# Se puede usar diodos ideales en multisim?



## oswaldoan27 (Ene 19, 2014)

Me gustaría que todas las personas de este foro puedan aportar en este tema ya que muchas veces necesitamos simular en MULTISIM pero con diodos ideales(para el curso de electrónicos 1 por ejemplo).

Yo encontré en multisim el diodo virtual, sin embargo este no tiene el comportamiento ideal....


----------



## lm555cn (Ene 19, 2014)

Parece que vas a tener que utilizar el "Component Wizard" y editar el modelo del diodo ideal para agregarlo a la librería.  Lamentablemente, yo no sé hacer eso.  Tal vez entre varios que lo ocupen puedan modelarlo.


----------



## nasaserna (Ene 20, 2014)

Para una clase de lo mas básico de electrónica donde casi todos los componentes son ideales, y si lo configuras indestructibles es en el crocclip.

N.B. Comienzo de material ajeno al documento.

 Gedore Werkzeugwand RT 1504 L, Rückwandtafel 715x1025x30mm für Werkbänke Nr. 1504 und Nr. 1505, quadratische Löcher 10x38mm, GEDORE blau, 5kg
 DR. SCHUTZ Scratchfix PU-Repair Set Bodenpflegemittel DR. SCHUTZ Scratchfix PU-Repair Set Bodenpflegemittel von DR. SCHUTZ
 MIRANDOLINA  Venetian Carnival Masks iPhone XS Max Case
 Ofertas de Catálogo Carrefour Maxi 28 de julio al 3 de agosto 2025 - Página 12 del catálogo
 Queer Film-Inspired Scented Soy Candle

Es muy básico para las simulaciones y muy didactico y facil de usar

Pido disculpas por la respuesta, no esta relacionada con el multisim, pero si con electrónica muy básica y componentes ideales


----------



## oswaldoan27 (Ene 22, 2014)

intente configurar en el wizard el diodo ideal pero no pude hacerlo  , al parecer piden el datasheet para crear un nuevo componente


----------